No período da manhã, o dólar registrou alta de 0,35% em relação à moeda argentina, sendo cotado a 1.002 pesos. Ao mesmo tempo, no Brasil, o dólar era negociado a R$ 5,76, o que representa uma valorização de 0,4% em relação ao real.

O movimento mostra uma política de controle monetário do BCRA, que permite uma desvalorização mensal de aproximadamente 2% do peso. Com essa abordagem, a instituição acumulou um saldo positivo de US$ 20.237 bilhões em reservas desde que Javier Milei assumiu a presidência em dezembro de 2023.

Peso argentino: notas de 20 mil pesos ajudam a reduzir custos

Para reduzir despesas operacionais e melhorar o sistema financeiro, o governo argentino, na última semana, lançou cédulas de 20 mil pesos. A nova cédula é para diminuir a quantidade de notas em circulação, o que impacta positivamente os custos de impressão e reduz a manutenção de caixas eletrônicos.

De acordo com um comunicado oficial, notas de maior valor tem poucas substituições e tem uma logística de transporte menor, gerando economia. Antes disso, a maior denominação disponível era a cédula de 10 mil pesos, lançada em maio de 2024.
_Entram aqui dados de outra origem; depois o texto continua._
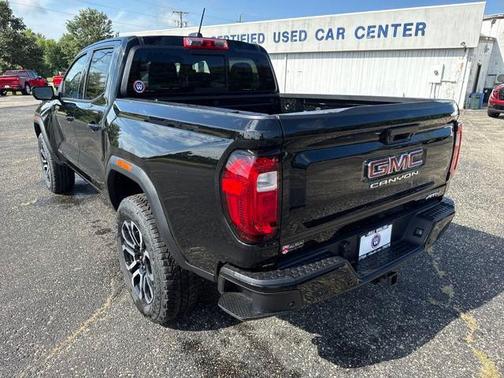 2025 GMC Canyon AT4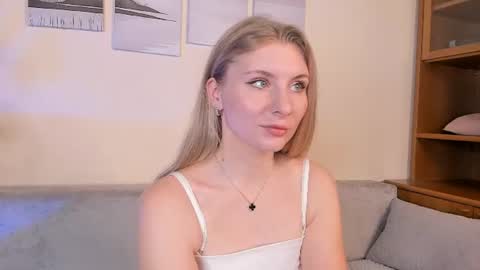 Mia online show from 07.08.26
A cédula faz parte de um plano divulgado no final de 2023, que prevê a introdução de notas de valores mais altos, como de 50 mil pesos, para enfrentar a inflação elevada.

Inflação dá sinais de desaceleração

Embora a inflação na Argentina permaneça em níveis altos, os dados mais recentes mostram uma tendência de queda. O índice acumulado em 12 meses alcançou 193% em outubro, a vez em quase um ano que ficou abaixo de 200%, conforme relatado pelo Indec, instituto oficial de estatísticas do país.